An intimate family portrait by Lucian Freud painted in 1992, a pivotal example of British Aestheticism from 1864 by Frederic, Lord Leighton, which will be auctioned for the first time in 100 years, and an exquisite 1778 portrait by Sir Joshua Reynolds on the market for the very first time — these are among the great works of British art to be offered in a sale alongside an exhibition that will launch Christie’s 250th anniversary in London this June.
Building on the success of Christie’s pioneering series of curated Evening Sales, including Looking Forward to the Past and The Artist’s Muse in 2015, Defining British Art: The Evening Sale (30 June) and Defining British Art: A Loan Exhibition (17 June to 15 July) will celebrate the artistic legacy of four centuries of British artists.
These Evening Sale highlights, a trio of exceptional figurative paintings which come from major private collections and illustrate the evolution of British portraiture over three centuries, are among the works that will tour to Christie's New York (6-12 May) and Christie’s Hong Kong (26-30 May).
Ever since 1766, when James Christie first opened his doors for business in St James’s, London, where the headquarters remains today, Christie’s has championed British artists, with both Joshua Reynolds and Thomas Gainsborough among the regular visitors to Christie’s salerooms.
The greatest masterpieces are those that define the artist — paintings and sculptures that reflect the quintessential nature of his or her legacy.
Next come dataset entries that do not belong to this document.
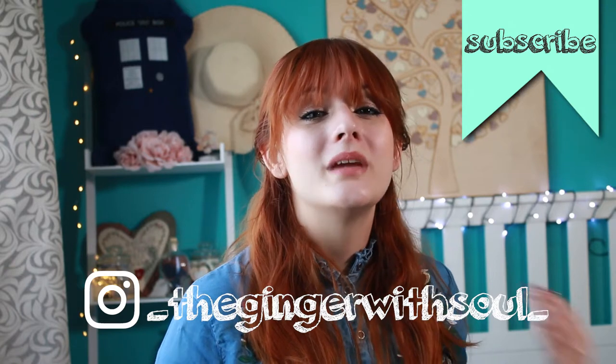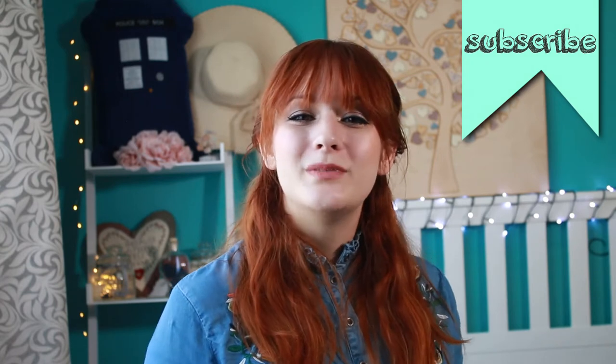Make sure you subscribe to my channel and follow my weekly check-in. See you in my next video!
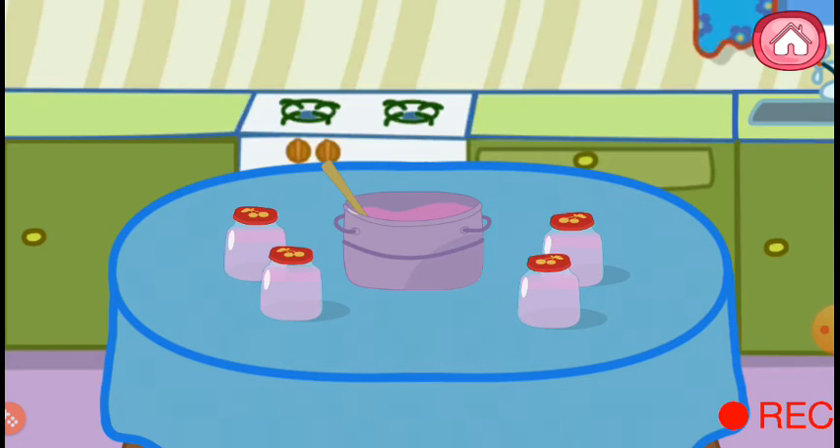Jars with jam will be hidden in the kitchen cupboard, but we will eat one jar now — but it could be yucky!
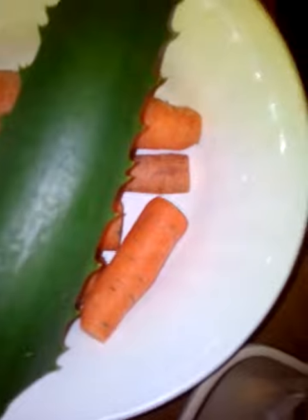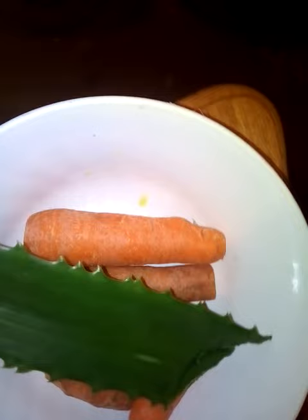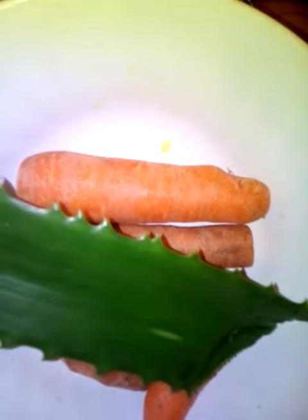We need carrots and aloe vera, we need two spoons, we need a grater and two mains. So I'm going to put my carrots, then take out the aloe vera, then we're going to do it together.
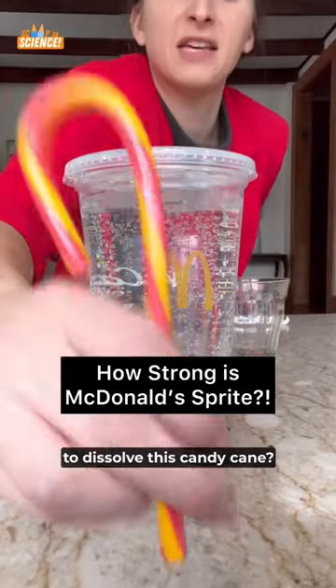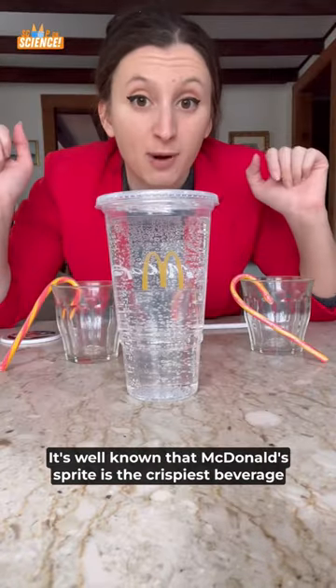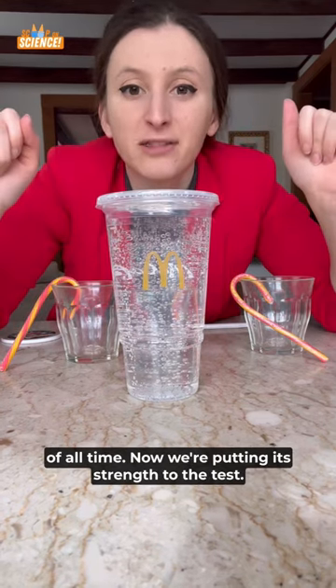Is McDonald's Sprite strong enough to dissolve this candy cane? It's well known that McDonald's Sprite is the crispiest beverage of all time. Now we're putting its strength to the test.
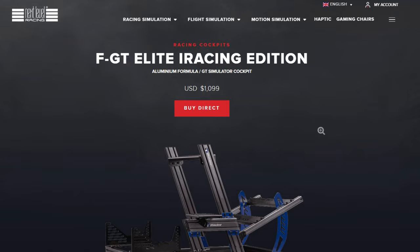Matt Malone here and I'm going to tell you exactly what I'm running when I'm sim racing and streaming. First off, it's an iRacing Edition Next Level Racing Rig.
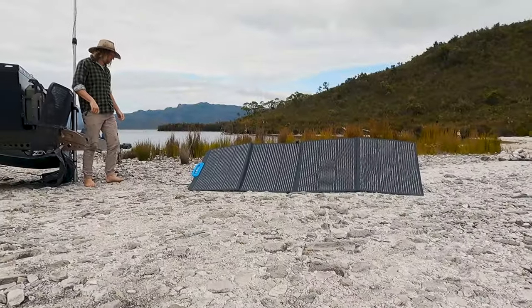The solar blanket has been a really handy addition. I just picked up an Anderson plug connection for it the other day, so we can now plug it into the caravan as well and run it as an extra panel for the van — which is going to change the game for us. We're really looking forward to testing out having that extra 200 watts available.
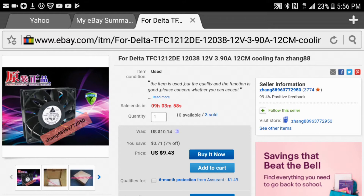This fan right here is a 12 centimeter computer cooling fan. I looked at the label and it says it's a TFC 1212DE fan — it's a 12 volt fan. These fans are selling for about 10 bucks, so it's nothing special.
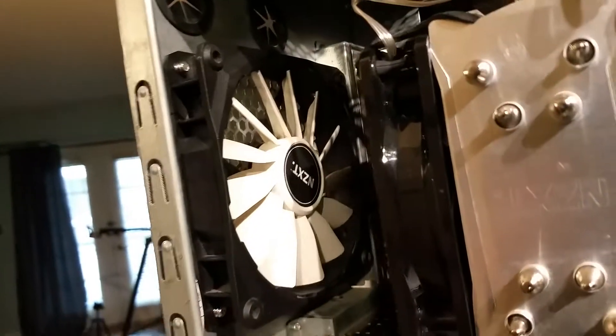For the fans in the system, it's pretty much a mix and match. On the cooler are two generic Cooler Master 120s. The rear exhaust is a 120mm NZXT fan. The top fan is a 200mm Cooler Master that came with the case, and the front is also a 200mm Cooler Master red LED fan that came with the case.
Christie’s Loan Exhibition and Evening Sale will present works which exemplify this.
‘A celebration of Britain’s artistic achievements, the Defining British Art Loan Exhibition and Evening Sale will break new ground for Christie’s,’ says Orlando Rock, Chairman, Christie’s UK. ‘A fitting launch to Christie’s 250th Anniversary celebrations in London and inspired by James Christie’s own innovative spirit, the sale and exhibition will create dynamic juxtapositions and, we hope, inspire artists and collectors of the future. I would like to encourage not only those who are already friends of Christie’s, but also those we have yet to welcome, to share in these celebrations and become part of our next chapter, looking ahead to the next 250 years and beyond.’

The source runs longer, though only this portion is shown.